Tally the lines below containing the word "Storlek" and give that total alone.

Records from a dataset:
☆ ☆ ☆ ☆

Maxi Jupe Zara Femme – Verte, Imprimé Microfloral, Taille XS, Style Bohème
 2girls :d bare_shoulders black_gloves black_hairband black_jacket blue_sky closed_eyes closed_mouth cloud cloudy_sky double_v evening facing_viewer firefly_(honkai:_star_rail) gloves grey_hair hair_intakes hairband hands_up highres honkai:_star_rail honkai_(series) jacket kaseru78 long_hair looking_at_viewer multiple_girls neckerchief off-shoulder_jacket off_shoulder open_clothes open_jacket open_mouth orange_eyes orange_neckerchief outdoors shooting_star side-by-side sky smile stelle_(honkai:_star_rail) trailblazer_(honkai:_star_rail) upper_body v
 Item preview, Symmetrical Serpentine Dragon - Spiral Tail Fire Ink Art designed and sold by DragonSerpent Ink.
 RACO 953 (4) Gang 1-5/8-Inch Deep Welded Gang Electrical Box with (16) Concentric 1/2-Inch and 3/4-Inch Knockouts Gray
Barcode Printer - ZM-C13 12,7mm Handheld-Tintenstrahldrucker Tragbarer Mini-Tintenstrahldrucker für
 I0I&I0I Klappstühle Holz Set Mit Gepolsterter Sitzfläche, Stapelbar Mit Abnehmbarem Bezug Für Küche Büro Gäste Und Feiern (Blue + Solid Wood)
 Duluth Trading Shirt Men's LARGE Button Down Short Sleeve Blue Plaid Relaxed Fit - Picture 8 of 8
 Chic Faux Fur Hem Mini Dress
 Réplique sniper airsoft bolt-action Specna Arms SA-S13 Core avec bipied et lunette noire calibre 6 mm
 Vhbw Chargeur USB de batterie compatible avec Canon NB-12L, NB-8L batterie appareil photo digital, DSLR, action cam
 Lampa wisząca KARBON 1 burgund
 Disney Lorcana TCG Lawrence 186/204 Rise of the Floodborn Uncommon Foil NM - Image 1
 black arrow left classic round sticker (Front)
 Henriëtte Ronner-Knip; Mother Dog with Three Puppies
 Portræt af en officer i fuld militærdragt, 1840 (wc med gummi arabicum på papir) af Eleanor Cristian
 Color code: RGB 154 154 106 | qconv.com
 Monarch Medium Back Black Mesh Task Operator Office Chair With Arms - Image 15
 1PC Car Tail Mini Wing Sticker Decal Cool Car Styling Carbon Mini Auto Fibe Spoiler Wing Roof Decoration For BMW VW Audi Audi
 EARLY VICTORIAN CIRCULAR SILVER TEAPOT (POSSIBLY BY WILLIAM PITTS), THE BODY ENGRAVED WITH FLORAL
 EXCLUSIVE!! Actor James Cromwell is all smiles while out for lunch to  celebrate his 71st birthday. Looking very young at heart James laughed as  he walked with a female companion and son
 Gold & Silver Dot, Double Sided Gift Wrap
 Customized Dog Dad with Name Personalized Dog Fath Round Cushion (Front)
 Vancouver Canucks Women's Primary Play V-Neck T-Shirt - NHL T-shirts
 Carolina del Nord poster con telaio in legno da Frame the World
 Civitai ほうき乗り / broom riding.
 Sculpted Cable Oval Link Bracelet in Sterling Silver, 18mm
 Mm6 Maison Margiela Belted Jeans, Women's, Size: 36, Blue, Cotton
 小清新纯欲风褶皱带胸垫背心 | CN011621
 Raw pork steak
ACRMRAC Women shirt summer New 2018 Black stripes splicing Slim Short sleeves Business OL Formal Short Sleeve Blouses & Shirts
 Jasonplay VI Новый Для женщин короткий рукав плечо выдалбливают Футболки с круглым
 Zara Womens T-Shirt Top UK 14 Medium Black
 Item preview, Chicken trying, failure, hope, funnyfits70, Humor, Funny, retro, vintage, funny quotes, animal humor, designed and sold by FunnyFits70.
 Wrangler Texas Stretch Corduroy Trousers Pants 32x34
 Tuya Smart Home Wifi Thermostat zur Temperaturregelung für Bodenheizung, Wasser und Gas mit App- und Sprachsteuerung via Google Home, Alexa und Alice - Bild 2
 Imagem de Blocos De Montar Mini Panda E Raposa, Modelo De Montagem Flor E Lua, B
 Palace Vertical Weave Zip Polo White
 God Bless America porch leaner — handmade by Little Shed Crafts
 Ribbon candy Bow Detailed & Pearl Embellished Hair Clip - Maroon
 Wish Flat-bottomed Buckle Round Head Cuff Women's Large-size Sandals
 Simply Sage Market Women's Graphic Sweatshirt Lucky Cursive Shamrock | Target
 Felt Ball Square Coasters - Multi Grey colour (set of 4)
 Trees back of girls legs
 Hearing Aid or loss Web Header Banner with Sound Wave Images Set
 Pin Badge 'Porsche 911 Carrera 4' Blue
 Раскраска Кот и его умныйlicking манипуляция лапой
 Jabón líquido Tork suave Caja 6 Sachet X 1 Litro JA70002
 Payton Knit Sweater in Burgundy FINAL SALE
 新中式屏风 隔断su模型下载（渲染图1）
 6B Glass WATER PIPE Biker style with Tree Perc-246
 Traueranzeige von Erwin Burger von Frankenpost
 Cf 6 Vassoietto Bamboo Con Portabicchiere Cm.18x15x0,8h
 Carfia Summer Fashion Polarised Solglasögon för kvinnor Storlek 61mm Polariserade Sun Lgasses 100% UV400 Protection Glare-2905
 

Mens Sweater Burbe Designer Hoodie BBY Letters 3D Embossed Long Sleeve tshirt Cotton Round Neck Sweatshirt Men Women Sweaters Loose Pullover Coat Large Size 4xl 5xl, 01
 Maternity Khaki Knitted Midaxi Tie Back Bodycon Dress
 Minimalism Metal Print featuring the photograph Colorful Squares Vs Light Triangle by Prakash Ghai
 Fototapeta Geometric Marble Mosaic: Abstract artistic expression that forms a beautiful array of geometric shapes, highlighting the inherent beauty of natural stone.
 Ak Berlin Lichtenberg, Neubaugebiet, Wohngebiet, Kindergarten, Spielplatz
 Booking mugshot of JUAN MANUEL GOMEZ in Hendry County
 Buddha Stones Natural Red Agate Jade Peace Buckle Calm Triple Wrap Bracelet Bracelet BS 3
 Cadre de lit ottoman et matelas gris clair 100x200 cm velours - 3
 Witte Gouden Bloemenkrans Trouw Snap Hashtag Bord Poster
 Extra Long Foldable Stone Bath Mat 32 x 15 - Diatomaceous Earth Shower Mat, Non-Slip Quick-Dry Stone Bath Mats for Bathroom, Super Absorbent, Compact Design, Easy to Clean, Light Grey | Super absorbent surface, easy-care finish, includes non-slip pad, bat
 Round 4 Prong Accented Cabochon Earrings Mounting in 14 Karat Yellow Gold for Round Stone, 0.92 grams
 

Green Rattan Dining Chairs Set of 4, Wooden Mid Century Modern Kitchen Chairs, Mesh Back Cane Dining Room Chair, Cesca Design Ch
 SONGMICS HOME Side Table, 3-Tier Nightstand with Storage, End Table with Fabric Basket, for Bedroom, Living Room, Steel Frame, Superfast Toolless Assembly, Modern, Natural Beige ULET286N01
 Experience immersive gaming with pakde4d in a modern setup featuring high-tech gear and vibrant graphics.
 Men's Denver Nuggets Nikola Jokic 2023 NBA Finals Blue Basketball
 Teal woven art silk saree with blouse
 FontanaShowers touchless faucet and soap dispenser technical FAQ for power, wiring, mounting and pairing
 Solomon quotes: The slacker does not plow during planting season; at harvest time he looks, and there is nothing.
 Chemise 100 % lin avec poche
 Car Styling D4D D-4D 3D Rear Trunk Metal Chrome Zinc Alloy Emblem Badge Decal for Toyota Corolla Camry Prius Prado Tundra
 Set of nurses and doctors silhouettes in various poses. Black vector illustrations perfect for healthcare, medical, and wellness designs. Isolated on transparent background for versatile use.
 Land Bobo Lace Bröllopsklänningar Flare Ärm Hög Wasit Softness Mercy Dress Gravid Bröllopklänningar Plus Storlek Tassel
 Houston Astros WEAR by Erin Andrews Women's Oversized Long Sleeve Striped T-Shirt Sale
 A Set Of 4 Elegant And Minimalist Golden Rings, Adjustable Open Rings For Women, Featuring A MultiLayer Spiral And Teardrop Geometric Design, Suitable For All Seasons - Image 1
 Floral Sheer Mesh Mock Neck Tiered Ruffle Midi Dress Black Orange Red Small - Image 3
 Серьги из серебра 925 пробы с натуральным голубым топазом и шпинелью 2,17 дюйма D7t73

☆ ☆ ☆ ☆

EXPECTED OUTPUT: 2